Ma mentre Norberto Achille rubava a piene mani dove erano i suoi collaboratori, i dipendenti di Ferrovie Nord, le segretarie che pagavano le multe, i dirigenti che ne coprivano le spese folli e tutti quelli che non potevano non sapere e hanno taciuto per anni? Quando avremo il coraggio di ammettere che il silenzio degli innocenti ci rende colpevoli e che nessuno può rubare senza avere qualcuno che gli fa da palo? Veramente c’è qualcuno che pensa che in Ferrovie Nord non sapessero quasi tutti qual era l’andazzo?

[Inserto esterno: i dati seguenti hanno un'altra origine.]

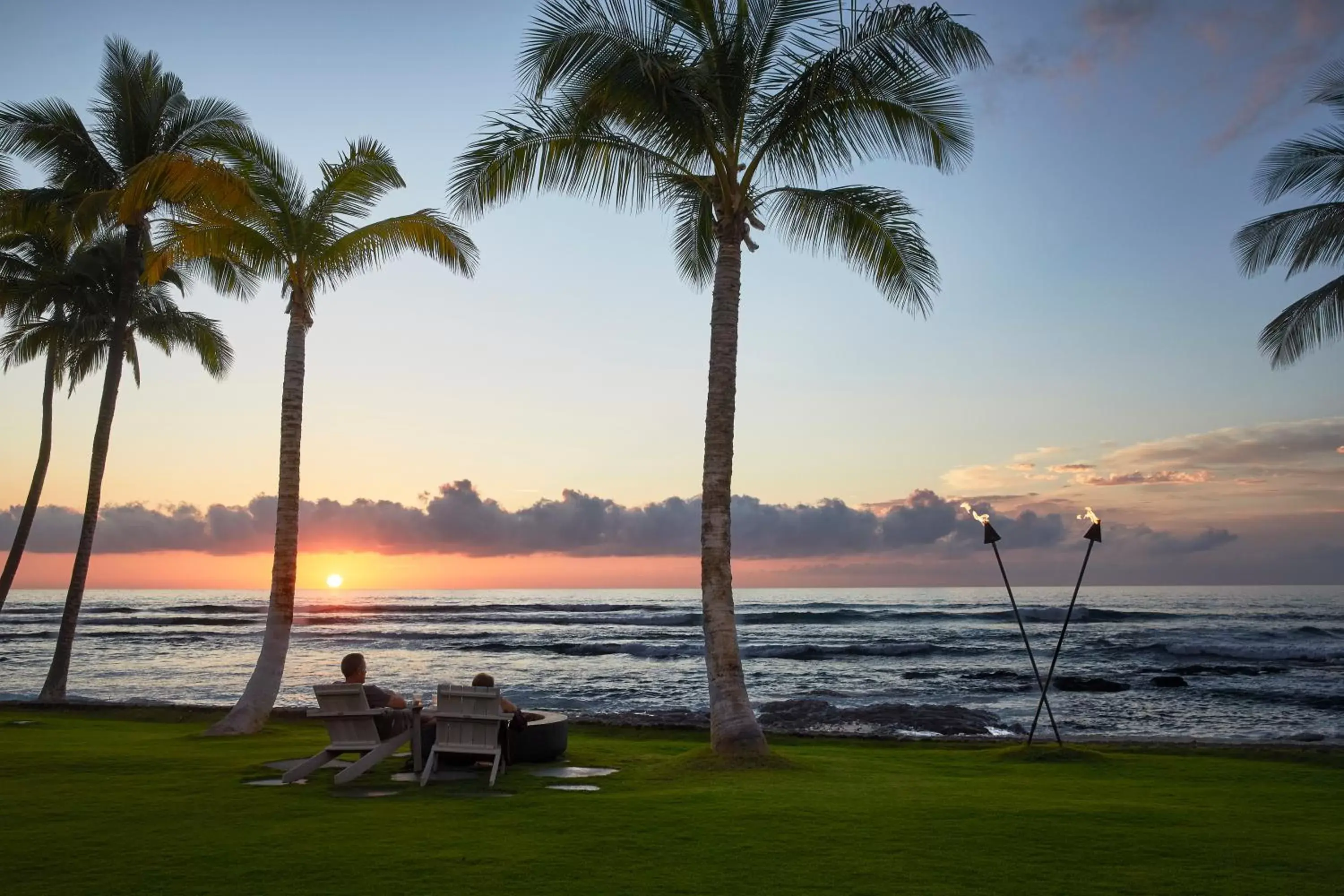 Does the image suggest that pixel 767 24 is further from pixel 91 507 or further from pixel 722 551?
pixel 91 507

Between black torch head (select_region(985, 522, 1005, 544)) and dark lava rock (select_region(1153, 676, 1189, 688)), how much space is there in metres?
20.1

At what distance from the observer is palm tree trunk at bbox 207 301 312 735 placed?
1359 cm

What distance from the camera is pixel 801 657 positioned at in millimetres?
41500

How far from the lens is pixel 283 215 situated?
46.3 feet

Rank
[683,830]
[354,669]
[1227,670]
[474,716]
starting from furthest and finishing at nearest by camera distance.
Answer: [1227,670]
[354,669]
[474,716]
[683,830]

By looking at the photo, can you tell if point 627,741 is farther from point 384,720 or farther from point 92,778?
point 92,778

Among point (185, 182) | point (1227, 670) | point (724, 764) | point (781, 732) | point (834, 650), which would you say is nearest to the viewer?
point (724, 764)

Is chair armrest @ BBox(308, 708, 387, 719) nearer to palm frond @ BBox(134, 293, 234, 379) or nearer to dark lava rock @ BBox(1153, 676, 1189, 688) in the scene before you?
palm frond @ BBox(134, 293, 234, 379)

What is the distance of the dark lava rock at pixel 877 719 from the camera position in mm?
18812

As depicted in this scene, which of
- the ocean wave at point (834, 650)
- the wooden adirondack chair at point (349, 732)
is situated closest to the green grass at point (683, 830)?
the wooden adirondack chair at point (349, 732)

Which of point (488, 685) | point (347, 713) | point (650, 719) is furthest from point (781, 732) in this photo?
point (347, 713)

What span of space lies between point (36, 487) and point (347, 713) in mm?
15673

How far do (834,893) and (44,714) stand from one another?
16.8 metres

In un paese di Ponzio Pilato, Barabba la fa da Re.

Indisturbato.

Achille è l’ennesimo esempio di un’ignavia che si è impossessata di quasi tutti noi vanificando qualsiasi possibilità di un controllo etico che , dalle basi della nostra società, ne raggiunga i vertici. Un comportamento che arriva addirittura a negare e tacitare anche le voci di denuncia che alle volte si alzano anche se consce di essere spesso  inascoltate. Ci limitiamo ad un costante lamento generalizzato, rivolto a impersonali categorie professionali, imprenditoriali, politiche, amministrative, senza fare mai un nome, urlare un cognome, indicare un indirizzo. Fino a che i mariuoli non vengono  smascherati, noi non sappiamo, sentito, visto niente. Solo dopo incominciano, come un fiume in piena , gli aneddoti che prima erano dei tabù raccontati a denti stretti, pettegolezzi da macchinetta del caffè, confidenze di Pulcinella.

Achille è l’ennesimo esempio di una sudditanza che intimorisce e spegne il coraggio di onestà anche di chi non ne ha nessun vantaggio. Difende semplicemente un posto ma  non un lavoro che, anzi,  ama sempre di meno e svolge, spesso sconfortato,  sempre peggio. Un declino progressivo da cui si può uscire esclusivamente con una partecipazione, questa sì assolutamente collettiva e del basso, che smascheri ogni tipo di privilegio, ruberia, vessazione.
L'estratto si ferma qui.